Tribunal decision into 1Click could make it easier for regulator to deregister charities

The tribunal ruling to uphold a Charity Commission decision to deregister a charity seeking to create a computer system for the elderly could set a legal precedent

The charity tribunal has found in favour of the Charity Commission in a case which could make it easier for the commission to remove charities from the charities register where there is no evidence of charitable activity.

In a ruling published this week, the tribunal upheld the commission’s decision to remove the 1Click Charitable Trust from the register of charities in February on the grounds that it was not operating in pursuit of its charitable aims, although the trustees argued that it was.
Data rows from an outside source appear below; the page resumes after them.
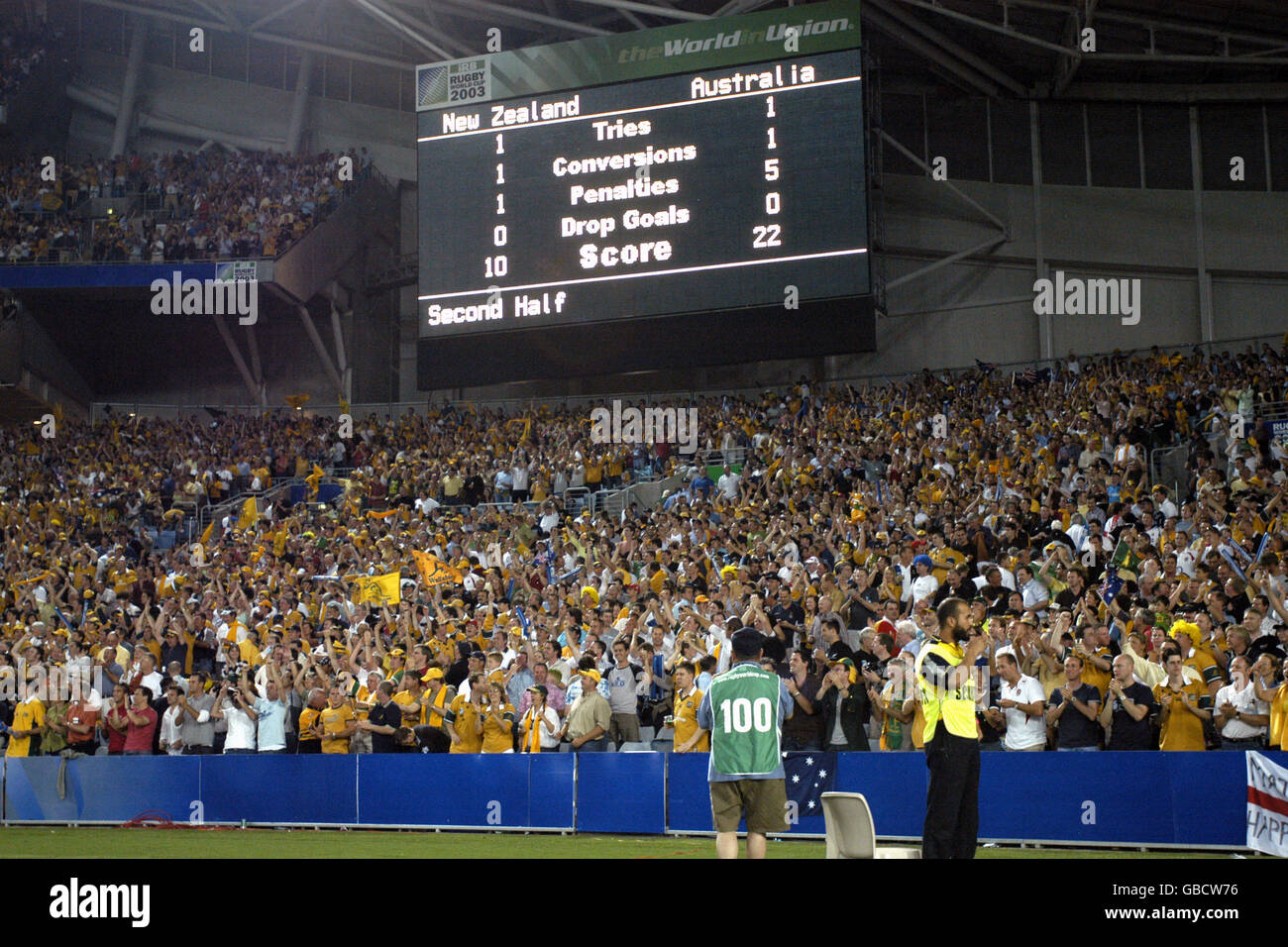 The scoreboard shows he final score as the Austrailian fans celebrate their victory over New Zealand Stock Photo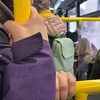 Des mains agrippent des barres à l'intérieur d'un autobus bondé.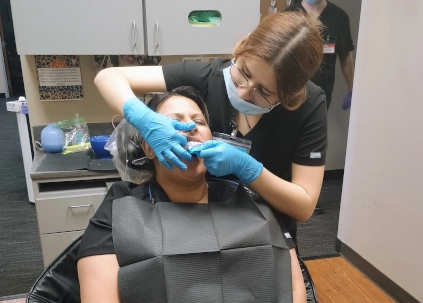 Dental Assistant student Rubi Baez practicing alginate impressions on fellow student Sarah Marachua at Denton DAS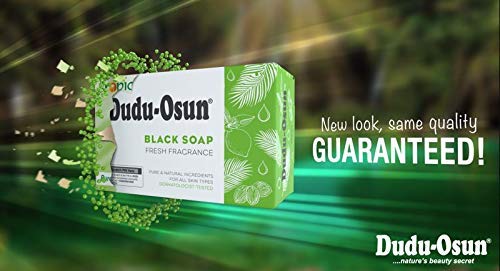 DuDu Dudu Osun soap in use on skin for smooth, nourished feel.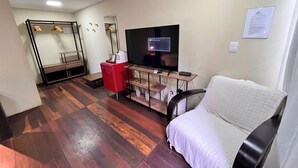 A compact living space with a flat-screen TV, a red mini-fridge, a sofa, and a wooden floor.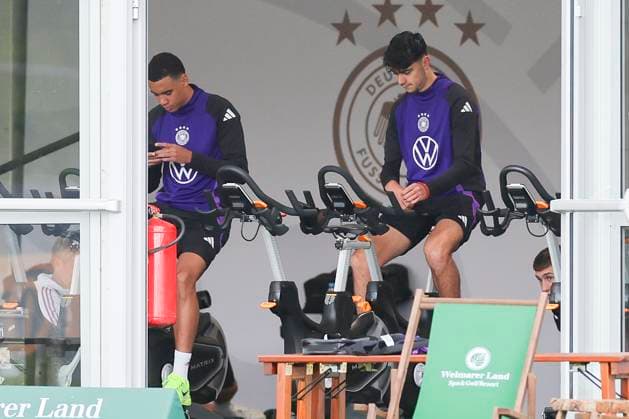 Jamal Musiala and Aleksandar Pavlovic sitting in the tent on the bike, public training day 2, training camp of the German national team, Ernst Abbe Sportfeld, 28 05 2024, Jena, Germany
The charity was also found to have had no sustainable plan for raising funds.

The trustees appealed the decision, also in February, arguing that 1Click did operate as a charity.

A commission spokesman said the case set a legal precedent for the commission, which would allow it to more easily remove charities where there was no evidence of charitable activity.
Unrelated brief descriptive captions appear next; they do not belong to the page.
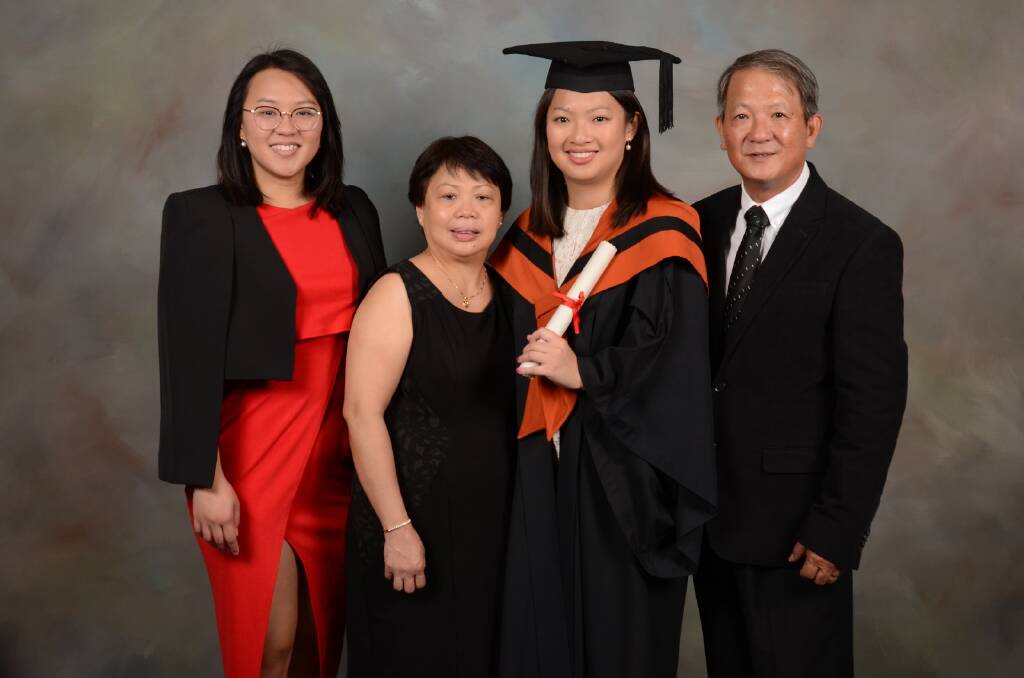 The Nguyen family. Fairfax reporter Han Nguyen, third left, with her sister Duyen, mum Chi and dad Sang at her graduation in May.  Photo: Supplied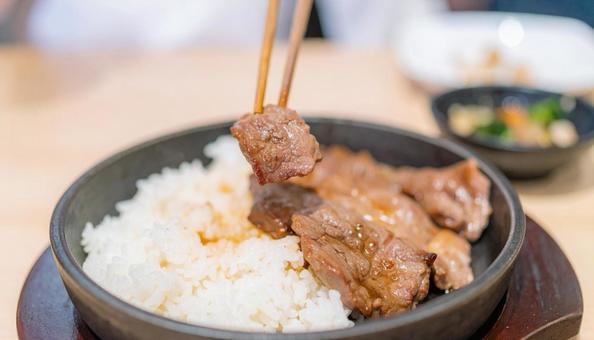 焼き肉を白ご飯に着けて食べる 焼き肉を白ご飯に着けて食べるの写真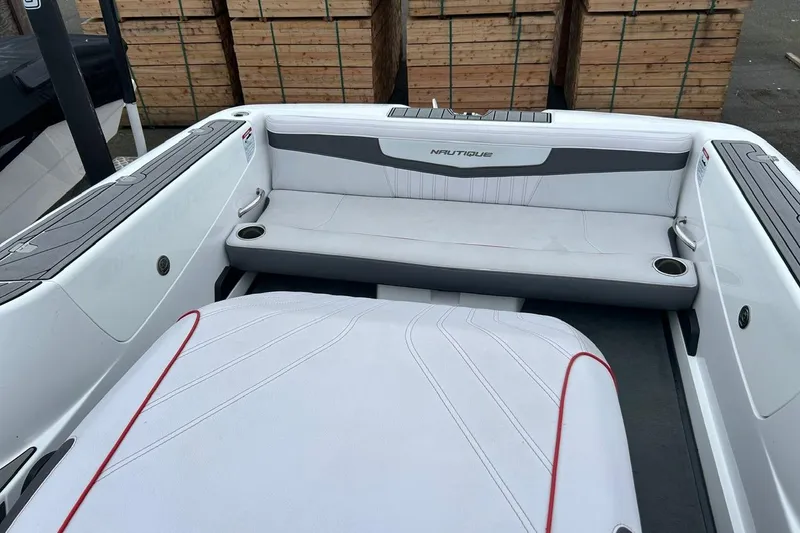 Slide: The Image of 2017 Nautique Ski Nautique 200 Open Bow interior with white seating and cup holders. - 10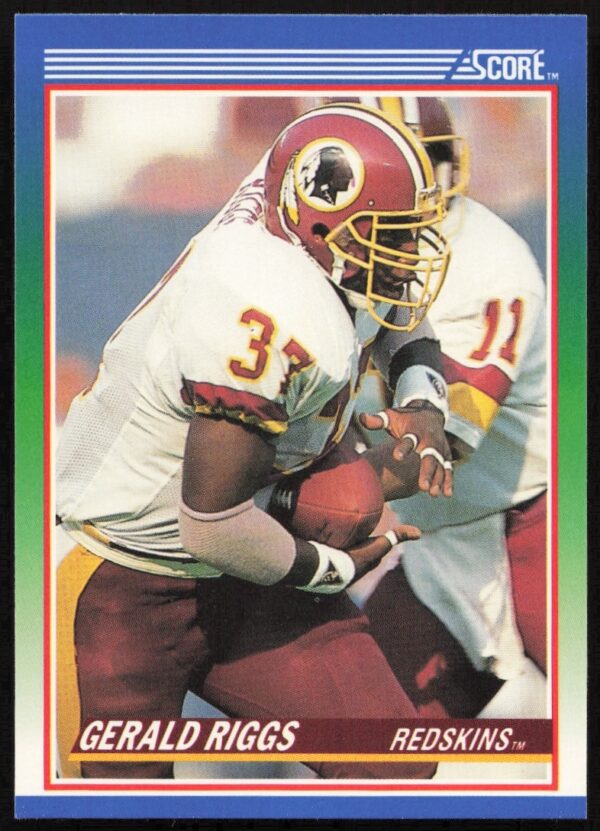 1990 Score card #66: Gerald Riggs in Falcons uniform, mid-action on field.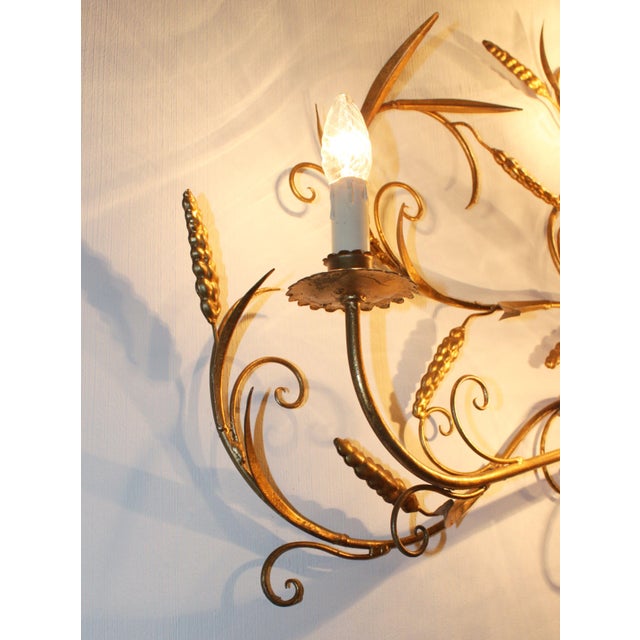 An imposing wall sconce by Hans Kögl in gilded metal, featuring eight lights with bobeches and an abundant, elegant wheat-...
The trust was registered in 2010 with the aim of developing a simple home computer system for the elderly and at the time said it expected to have an annual income of £600,000 from EU grants. 

But until December 2015, when the commission wrote to the charity saying it planned to deregister it, its highest annual declared income was £3,751 and for three years its annual income was less than £5, according to tribunal papers.

The charity told the tribunal that it had been unsuccessful in seeking grants, and had established a trading subsidiary to run a pub to generate income but had struggled to do so, although trustees said they expected it to generate £50,000 for the charity by the end of the financial year.

But the commission said the subsidiary’s accounts suggested the pub would only be able to transfer £2,000 to the charity at the end of the current financial year.

Two trustees were also living in the pub rent-free, the ruling said.

As a result of being unable to generate funds, the charity had not made any progress on its charitable aims, although trustees told the tribunal they had a friend in Malaysia who had offered to develop the software for them if they could raise £100,000.

In its ruling, the tribunal said that the charity "does not operate".

"This is because it has undertaken negligible charitable activity since its inception and further that it has submitted no evidence of having adopted a structured approach to generating funds in order to operate in the future," the ruling said.

It also acknowledged the charity did not meet the minimum income threshold of £5,000 for a charity to be included on the register but said this was not why the charity was removed.

Stephen Flanagan, the chair of trustees at 1Click, told Third Sector trustees planned to wind up the organisation, rather than continue to operate as an unregistered charity.

He said this was because the charity currently banks with the Charities Aid Foundation, which usually only offers its services to registered charities and it would be too inconvenient to change bank accounts.

He said: "It’s the feeling of the trustees that we don’t want to go on any more if the Charity Commission can be so picky – why pick on us?"

He said the charity had been proactively seeking funds and that the tribunal and commission decisions were unfair.

Kenneth Dibble, the commission’s legal director, said in a statement: "We will adopt a robust approach in removing these charities where they have minimal assets and are making no significant attempts to further charitable purposes."